These are the key concepts you need to understand to accurately answer the question.

Tension in a Rope
When considering the tension in a rope, think of it as the force that keeps the rope stretched, providing a certain rigidity to support itself. The tension arises primarily from the weight of the rope if it is hanging vertically. Here’s how:

  • If you consider a small part of the rope at a distance \( x \) from the lower end, the tension at that point results from the weight of the rope below \( x \).
  • The weight of this segment is equivalent to its mass multiplied by gravity (\( g \)).
  • The segment’s mass can be calculated using the fraction of total mass: \( \frac{mx}{L} \), where \( m \) is the total mass and \( L \) is the total length of the rope.

This means the tension \( T \) at distance \( x \) is \( T = (\frac{m}{L}) \cdot g \cdot x \). This formula shows how the tension varies with the position along the rope due to the force of gravity. This relationship is crucial for understanding the wave dynamics in ropes.
Transverse Wave
A transverse wave is a type of wave where the motion of the medium is perpendicular to the direction of the wave itself. In the case of a rope, such a wave causes the rope to move up and down as the wave moves along it.

The speed of a transverse wave on a rope is determined by the tension within the rope and its linear mass density. Understanding the tension, as we discussed, helps us predict how quickly the wave will propagate. For simplification:

  • Wave speed \( v \) is described by the formula \( v = \sqrt{\frac{T}{\mu}} \), where \( \mu \) is the linear mass density.
  • In a suspended rope, the wave speed changes with position due to variations in tension.
  • This speed of the wave influences how quickly a signal or pulse can travel from one end of the rope to the other.
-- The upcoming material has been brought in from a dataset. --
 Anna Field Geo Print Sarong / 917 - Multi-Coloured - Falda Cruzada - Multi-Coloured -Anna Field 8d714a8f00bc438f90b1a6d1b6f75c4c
This concept highlights the interaction between mechanical properties of the rope and the nature of the wave.
Linear Mass Density
Linear mass density \( \mu \) refers to the distribution of mass along the length of the rope. It simplifies to mass per unit length, often expressed as \( \mu = \frac{m}{L} \). Here’s why it’s important:

  • It helps determine the wave speed as it acts as a denominator when calculating wave speed: \( v = \sqrt{\frac{T}{\mu}} \).
  • This density ensures that we understand how concentrated the mass is along the rope.
  • A greater linear mass density implies a slower wave speed given the same tension, due to the increased inertia.

The concept of linear mass density is particularly vital in interpreting how different ropes with varying material properties could affect wave propagation. This factor emphasizes the need to consider both material and geometric properties in wave dynamics.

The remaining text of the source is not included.